Community solar allows groups of people to invest in
large, shared solar arrays and apply some credits to their power bill; in this
way, apartment-dwellers and lower-income groups can gain access to affordable
solar power. Experts are saying that 2016 could be community solar’s “breakout
year.”
Community Choice Energy (or CCE and formerly known as
Community Choice Aggregation) is a growing trend in California and other states
which allows cities and counties to directly purchase energy on behalf of their
citizens – usually including a higher percentage of renewable energy – and
relegates utilities to simply transmitting and distributing this cleaner power.
Marin and Sonoma Counties
have had CCE programs for over 2 years now, with Lancaster signing on last year and San Francisco
just launched their own CCE program on May 1, called “CleanPowerSF.”

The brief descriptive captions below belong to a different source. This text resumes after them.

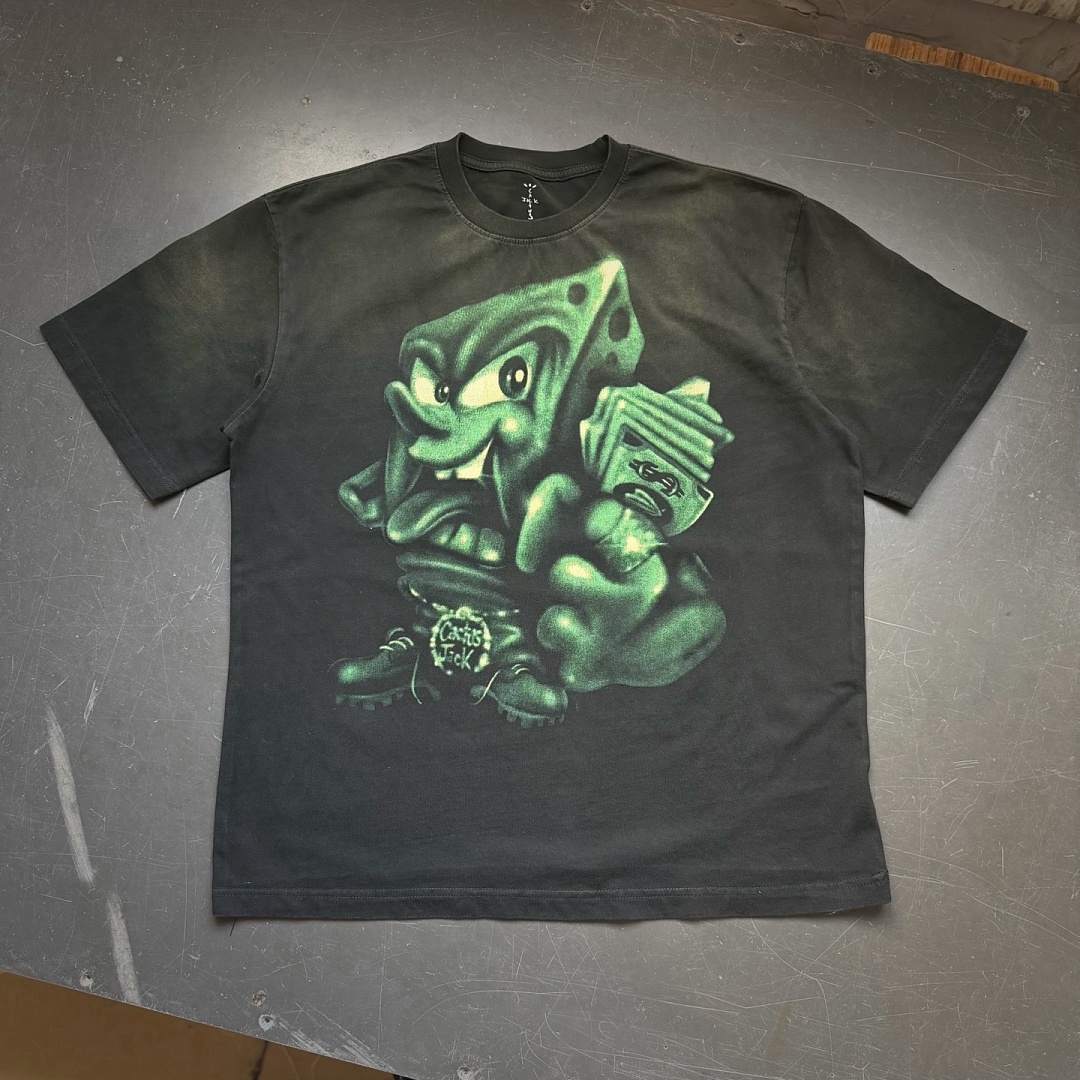 Unbranded 128 Travis Scott Cactus Jack × SpongeBob Classic Washed Short Sleeve T : S M L XL - Image 5
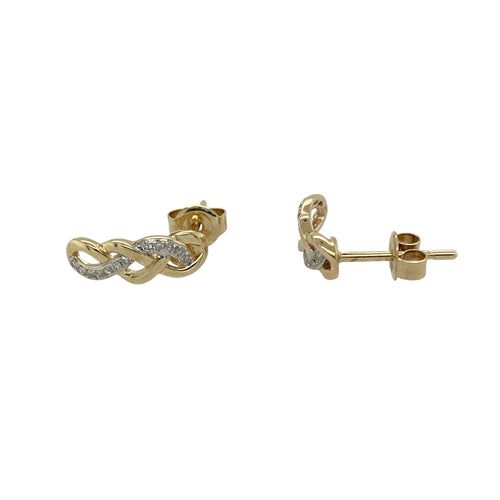 9ct Gold & Diamond Set Plaited Half Bar Stud Earrings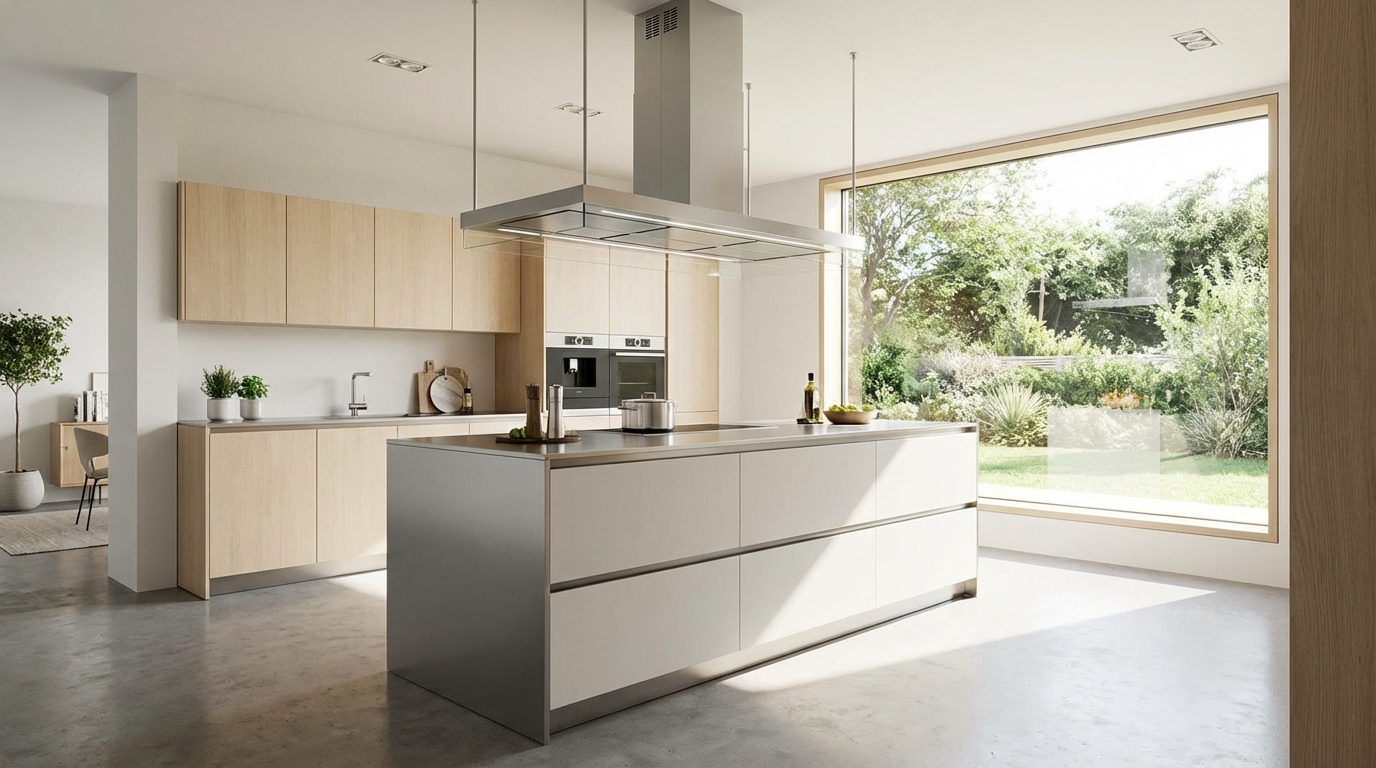 Fotorealistyczne zdjęcie nowoczesnej, jasnej kuchni z dużą wyspą kuchenną. Nad wyspą wisi elegancki, designerski okap wyspowy ze stali nierdzewnej i szkła. W tle widać minimalistyczne szafki i duże okno z widokiem na ogród.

Even more exciting, Powers said, were recent successful
tests of a “peer-to-peer” solar energy trading system in Brooklyn which allows
homes on one side of the street to harvest solar energy and sell it to homes on
the other side of the street through a trading system which is independent from
the utility and uses computer software called “blockchain” to keep track of the
monetary value of the trades. “If successful, this could be the 'Uber' of solar
energy,” Powers said, “allowing a solar owner in one time zone to ‘deposit’
solar energy into the system and another one miles away to make an ‘energy
withdrawal’ and the computers will simply keep track of the money.”
This practice could someday extend to the global level,
Powers pointed out, thanks to the plans of State Grid Corp., China’s largest
utility, to build a global energy grid over the
next 20 years, a project which will take $15-30 trillion and the participation
of multiple regional power grid operators on multiple continents. Plans were
announced in Beijing and so far,
countries including South Korea,
Japan and Russia have signed on as partners in developing a
pan-Asian energy supergrid to extend as far south as the Phillipines.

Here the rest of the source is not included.